I was at a conference last week where one of the presenters was discussing
value engineering. Part of the discussion was that the original design
included modular clean room panels for the walls and ceilings and during
value engineering it was suggested that these panels be replaced with
normal stick built construction and the only argument (that was stated at
the conference anyway) was that the user group was adamant that the panels
remain in the project.I have been involved in many “value engineering sessions” and the only go
al is to cut first cost. My understanding is that value engineering is a
process that looks at the full design and ALL the aspects of the design
components to determine if thet “add value” to the project.
Am I too unrealistic in this? Has anyone gone through a value engineering
session where life cycle costs and other drivers are considered, not just
first costs?

While I would generally agree that most value engineering exercises are
actually “project overrun prevention” (or worse still, overrun CPR)
exercises I have been involved in one Value Engineering exercise where
the cost went up - because the HVAC systems as proposed would not have
achieved the design requirements - meaning the labs wouldn’t have been
fit-for-purpose.

I have not yet been involved in any discussion where Life-Cycle-Costs
are a factor. Occasionally a maintenance manager can make a case for
"expensive to buy" product X rather “cheap to buy” product Y on a cost
to repair basis - but this has never been on a factual basis - the data
just isn’t available to most of us.

Good luck with the modular vs. stick built debate - it’s been going on
for my 10 years career and it was well established when I joined the
game.

Regrettably, most earnest “value engineering” is an exercise motivated to accomplish a reduction of a project cost estimate or identify cost reductions to prevent cost overrun. Hence the effort is often biased toward cutting upfront costs and not for considering Life-Cycle-Costs.

Up-front costs are real & immediate and life-cycle costs are based on assumptions. The challenge to defending a life-cycle cost position is in developing a plausible argument with substantiating data.

I did hope to go beyond providing a secondary opinion to support Ian Thorne’s feedback (see below).
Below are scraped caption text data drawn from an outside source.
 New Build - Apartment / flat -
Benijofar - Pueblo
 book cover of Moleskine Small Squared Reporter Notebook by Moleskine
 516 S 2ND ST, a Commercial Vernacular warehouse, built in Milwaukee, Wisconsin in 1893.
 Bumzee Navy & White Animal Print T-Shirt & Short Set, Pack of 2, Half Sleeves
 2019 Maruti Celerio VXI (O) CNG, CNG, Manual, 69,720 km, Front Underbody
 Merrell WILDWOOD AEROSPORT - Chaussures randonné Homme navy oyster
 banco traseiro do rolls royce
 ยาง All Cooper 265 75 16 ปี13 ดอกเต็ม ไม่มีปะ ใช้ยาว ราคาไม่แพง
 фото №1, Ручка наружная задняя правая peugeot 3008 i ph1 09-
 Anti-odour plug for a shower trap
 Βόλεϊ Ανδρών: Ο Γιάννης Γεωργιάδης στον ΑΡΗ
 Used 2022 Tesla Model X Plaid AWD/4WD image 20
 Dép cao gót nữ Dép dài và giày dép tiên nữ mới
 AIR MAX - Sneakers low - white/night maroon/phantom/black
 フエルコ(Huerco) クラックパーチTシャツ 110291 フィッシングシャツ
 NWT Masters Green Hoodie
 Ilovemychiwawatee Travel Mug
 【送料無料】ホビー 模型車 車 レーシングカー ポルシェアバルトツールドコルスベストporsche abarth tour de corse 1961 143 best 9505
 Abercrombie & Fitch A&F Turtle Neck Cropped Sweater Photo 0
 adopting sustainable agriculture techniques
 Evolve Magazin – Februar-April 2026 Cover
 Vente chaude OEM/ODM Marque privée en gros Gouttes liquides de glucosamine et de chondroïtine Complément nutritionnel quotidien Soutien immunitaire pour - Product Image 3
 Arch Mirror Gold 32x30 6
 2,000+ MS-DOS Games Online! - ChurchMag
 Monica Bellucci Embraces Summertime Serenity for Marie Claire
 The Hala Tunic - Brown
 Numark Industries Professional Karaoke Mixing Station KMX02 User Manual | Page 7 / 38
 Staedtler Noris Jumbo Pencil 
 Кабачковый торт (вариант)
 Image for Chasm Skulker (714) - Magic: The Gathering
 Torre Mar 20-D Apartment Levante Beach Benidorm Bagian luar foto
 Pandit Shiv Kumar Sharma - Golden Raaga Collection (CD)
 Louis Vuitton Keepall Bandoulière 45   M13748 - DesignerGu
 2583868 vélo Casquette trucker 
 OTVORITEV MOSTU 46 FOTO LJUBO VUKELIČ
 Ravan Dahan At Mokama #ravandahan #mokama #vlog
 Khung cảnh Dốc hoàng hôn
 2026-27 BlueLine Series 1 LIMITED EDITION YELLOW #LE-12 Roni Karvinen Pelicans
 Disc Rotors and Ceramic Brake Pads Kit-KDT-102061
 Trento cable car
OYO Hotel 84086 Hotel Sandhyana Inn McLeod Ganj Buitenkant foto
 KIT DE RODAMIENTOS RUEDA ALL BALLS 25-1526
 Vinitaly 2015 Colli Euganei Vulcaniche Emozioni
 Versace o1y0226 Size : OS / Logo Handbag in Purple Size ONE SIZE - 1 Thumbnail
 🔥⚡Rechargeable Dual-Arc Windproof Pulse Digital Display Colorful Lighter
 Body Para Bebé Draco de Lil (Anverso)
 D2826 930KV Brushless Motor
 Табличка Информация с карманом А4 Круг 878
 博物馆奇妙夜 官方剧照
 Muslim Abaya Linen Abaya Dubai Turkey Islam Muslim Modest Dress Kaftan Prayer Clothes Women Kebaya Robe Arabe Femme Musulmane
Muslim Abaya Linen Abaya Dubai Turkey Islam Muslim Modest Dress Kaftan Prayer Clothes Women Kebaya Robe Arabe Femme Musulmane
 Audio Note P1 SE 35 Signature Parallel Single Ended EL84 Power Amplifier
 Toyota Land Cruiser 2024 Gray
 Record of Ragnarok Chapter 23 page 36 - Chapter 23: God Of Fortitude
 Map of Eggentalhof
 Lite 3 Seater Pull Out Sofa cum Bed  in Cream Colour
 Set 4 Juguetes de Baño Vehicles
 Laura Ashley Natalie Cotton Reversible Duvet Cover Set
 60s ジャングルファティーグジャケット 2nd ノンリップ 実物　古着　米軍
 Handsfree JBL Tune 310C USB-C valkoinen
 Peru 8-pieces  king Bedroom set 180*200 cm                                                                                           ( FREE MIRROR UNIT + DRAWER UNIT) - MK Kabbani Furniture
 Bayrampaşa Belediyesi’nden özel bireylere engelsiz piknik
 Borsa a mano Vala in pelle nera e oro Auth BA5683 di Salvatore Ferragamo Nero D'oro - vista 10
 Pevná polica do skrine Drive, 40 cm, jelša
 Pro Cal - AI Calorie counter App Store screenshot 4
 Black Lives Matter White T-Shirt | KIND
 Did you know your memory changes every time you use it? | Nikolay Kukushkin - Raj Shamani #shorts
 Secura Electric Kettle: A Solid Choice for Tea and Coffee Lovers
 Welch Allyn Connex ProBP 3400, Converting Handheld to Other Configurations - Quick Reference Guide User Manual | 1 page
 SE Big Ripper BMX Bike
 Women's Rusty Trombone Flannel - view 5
Ian alludes to the point that cases can be successfully made; the implication is that because the task is tainted towards reducing project costs the “decision makers” are not easily influenced by life-cycle costs that are lacking in data (data that is not often available).

Hence, if you are involved with a value engineering exercise argument, then consider the challenge of developing a more holistic solution/alternative that incorporates a life-cycle approach.

The example of modular versus stick-build clean room wall/ceiling panels is a historical classic. Being adamant one way or the other (for the exercise of my example) is in many ways a miss-carriage of proper evaluation and decision making. I am a proponent of the “modular” approach, yet I had a clean room project last year for an electronic materials industry that was largely stick-built.

Points of Issue:

  • Size, Scope & complexity of the specific space. Fit for function assessment
  • Are you able to decide on modular early in the design process to maximize the positive attributes, and plan from the beginning with this premise as a given. Choosing modular at the tail end of a design often creates integration, inter-connectivity issues.
    o Modular Design systems allow a greater % of proven design attributes to be applied to the application, resulting in more predictable results.
  • Housekeeping, cleanability and potent compound/active ingredient exposure levels may justify the engineered designs developed in modular systems.
  • TIME
    o Availability & lead time for materials
    o Can the project afford the generally longer time to install stick build?
    o Are there on-going operations that require minimization of disruption? And does that installation activity need to incorporate a “clean construction” approach
    o Are there expected life cycle events, (maintenance & repair) that could create a need to remove, repair and replace panels, where the modular designs could offer a minimized time, housekeeping challenge and effort to disrupt the operation.
  • Project managing
    o Access to skilled trades, and the coordination and stacking of those trade activities.

Decision makers and those assessing value-engineering opportunities should challenge themselves, when appropriate; to look beyond the easy attraction of reduced first cost benefits. It is frustrating to be engulfed in this pressure to cut, cut, cut first costs, and although companies are striving to prudently invest monies, tackle the task from the perspective to develop & present the case to support a position that focuses on fit for function and providing the best return on the investment.